How is LinkedIn helpful for personal branding?

The key on LinkedIn is to share content. The average buyer makes a purchase after seeing five to eight pieces of content from the brand or the salesperson that gives them helpful, useful information that addresses a problem the buyer has. If you’re not putting out content, you won’t be seen as an expert and your product won’t be looked at as a solution, even if it is one.

What is social selling and how does it work?

Social selling is all about getting the right information in front of the right people at the right time. The key to doing this is to constantly, consistently share that helpful information. I think where people drop the ball with social selling is that they don’t take into account the modern buyer’s journey. That journey has many levels, I think, even beyond the three that are often talked about: Awareness, consideration and purchase.

We need to feed our network the right information at the right time to build awareness, to help them make decisions in the consideration phase, then answer the questions they need answered to make a purchase. There can be too much focus on brand awareness, especially from the marketing team, and it has to go deeper than just awareness to address that customer journey.

How important is a positive online customer experience to personal branding?

On LinkedIn you have skills and endorsements, which are not that difficult to get. Recommendations take more work but are very important to the credibility of your brand. To some extent, it’s a numbers game until you reach critical mass. Another benefit to having recommendations, though, is that they will often contain keywords that will make your profile more visible to prospects.

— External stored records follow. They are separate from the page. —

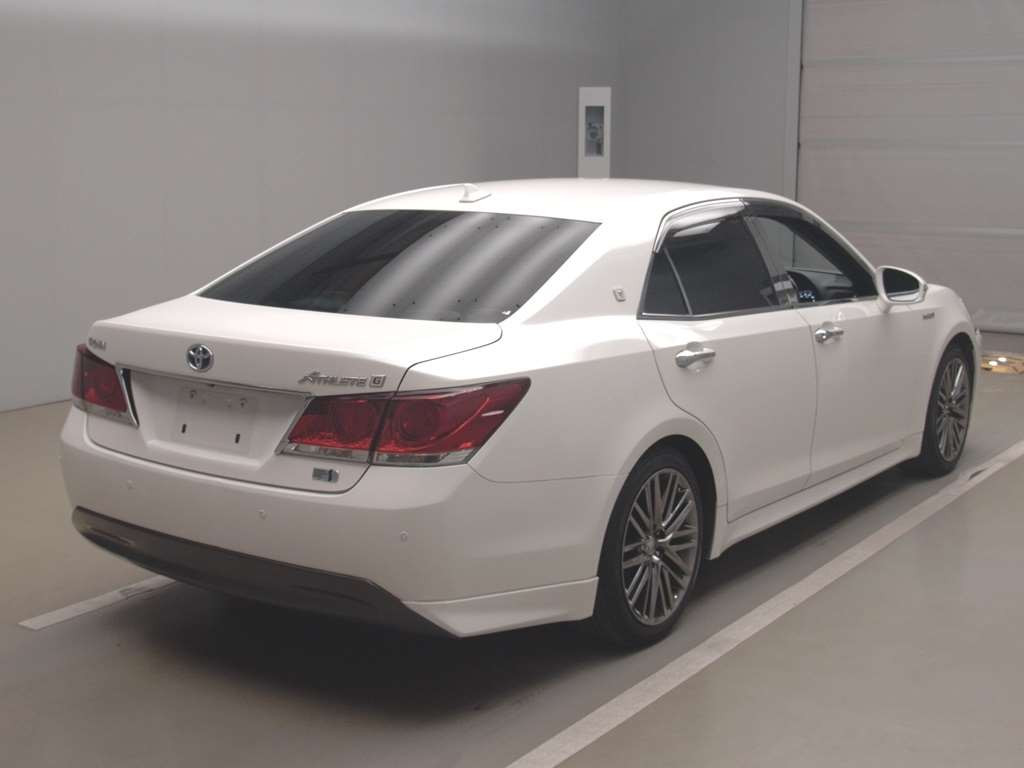 2013 Toyota Crown Hybrid AWS210[1]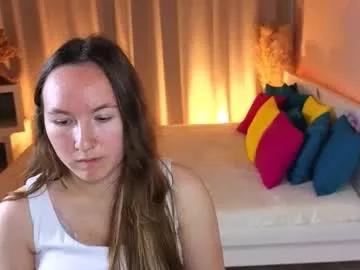 Try our girls live displays and explore the company of endless strippers, with beautiful physiques, vibrating toys and more.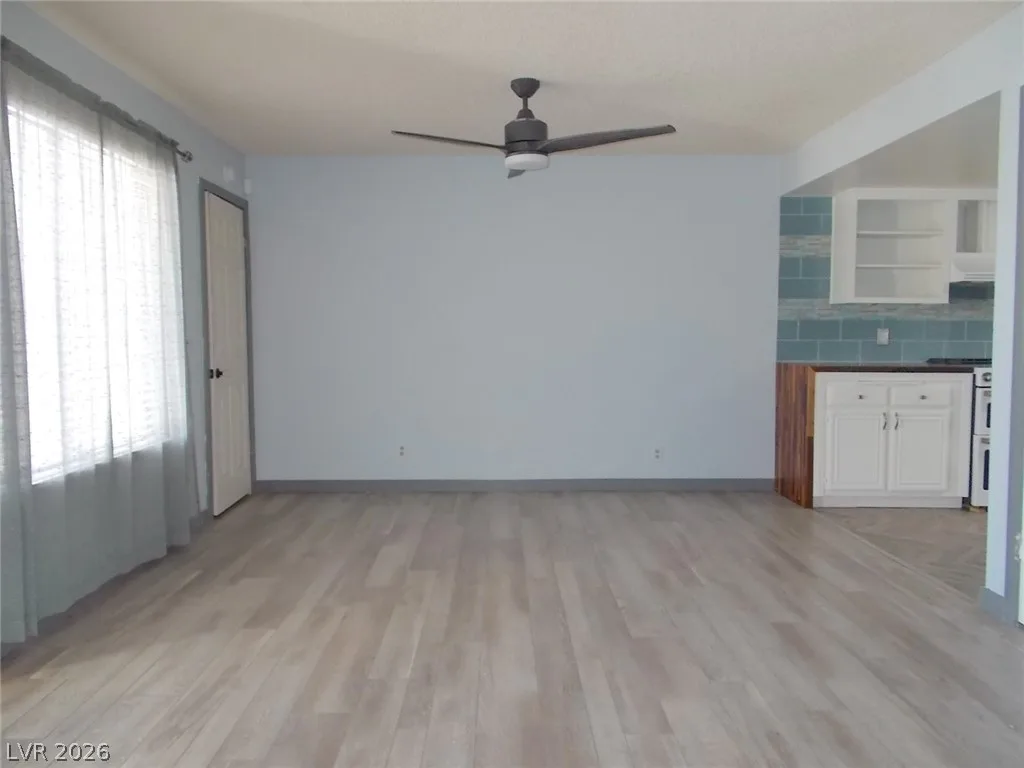 687 Marina Drive 41 — photo 3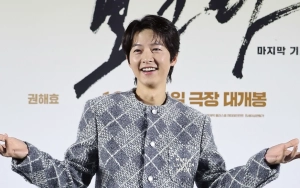 Song Joong Ki Mati-matian Belajar Bahasa Spanyol Demi Ngobrol dengan Anak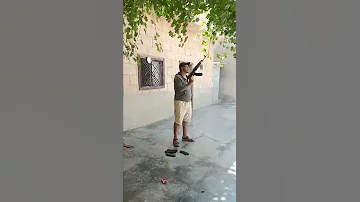 صوت خرافي رمي رشاش كلاشنكوف 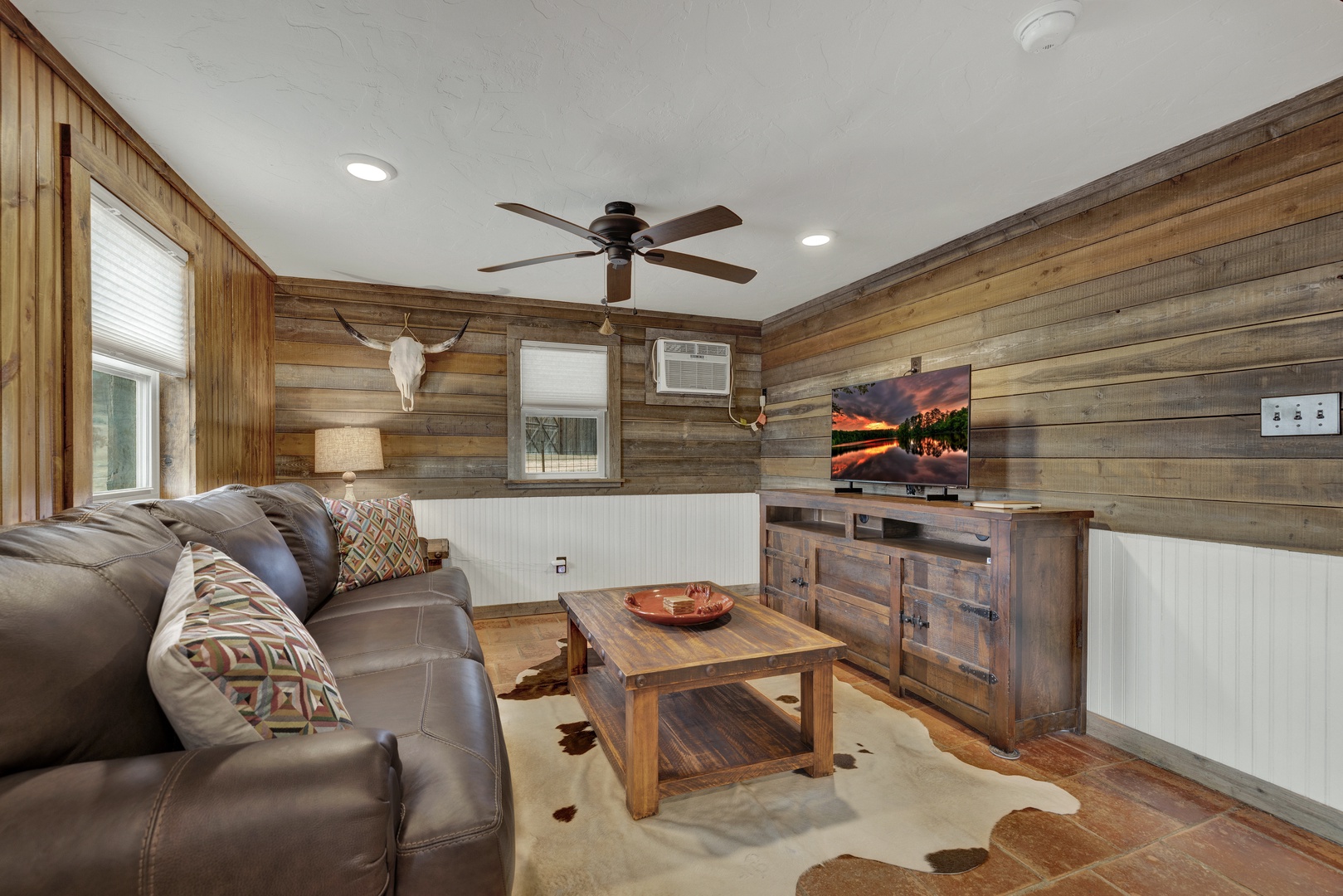 Ohana Ranch Cabin | 12 minutes to Historic Main St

The most important thing about getting endorsements and recommendations is that they can be used to establish a relationship and further your network. When LinkedIn is your marketing tool or apparatus for your personal brand, it’s there that customer experience will come into play. It’s key that what customers and prospects see there is positive.

How much of a factor is a negative online reputation to a brand that is struggling with sales?

Just as an example, I look at Uber and the trouble it is having right now with its reputation. The company has been a leader. It was there before Lyft, and it was the first to provide a very needed service; but a few negative things have really brought it to the point that I don’t know if it will be able to recover.

In this sense, creating your own brand is powerful because the social statuses that you share and the profiles that you have can push down negative reviews with positive content. It takes time, but it can be done. I’ve worked with clients in that situation where a negative rating was all you could see when you searched them online, and we were able to build out their profiles and add content so that the negative content eventually dropped down far enough in the searches that most people wouldn’t be able to find it anymore.

Pushing down negative content shouldn’t necessarily be the main goal of creating your own content; you should be doing that to define and market your brand. But it can be a useful byproduct of creating your brand if there is negative information out there about you or your products.

The bottom line in reputation is really to do unto others only what you would want them to do to you. Treat others the way you want to be treated. In many cases, a slug is always going to be a slug. It will leave a slime trail behind it, and it will be very apparent to everyone.

You may get a troll here and there who leaves a negative review because they are a troll, and that is also very apparent. Negative reviews that are coming from a genuine place of disappointment or from something going wrong can often be made right with a sincere response that shows you want to fix the problem. Being genuine can protect your reputation, if you also follow sound principles in reputation management.

This interview has been edited and condensed.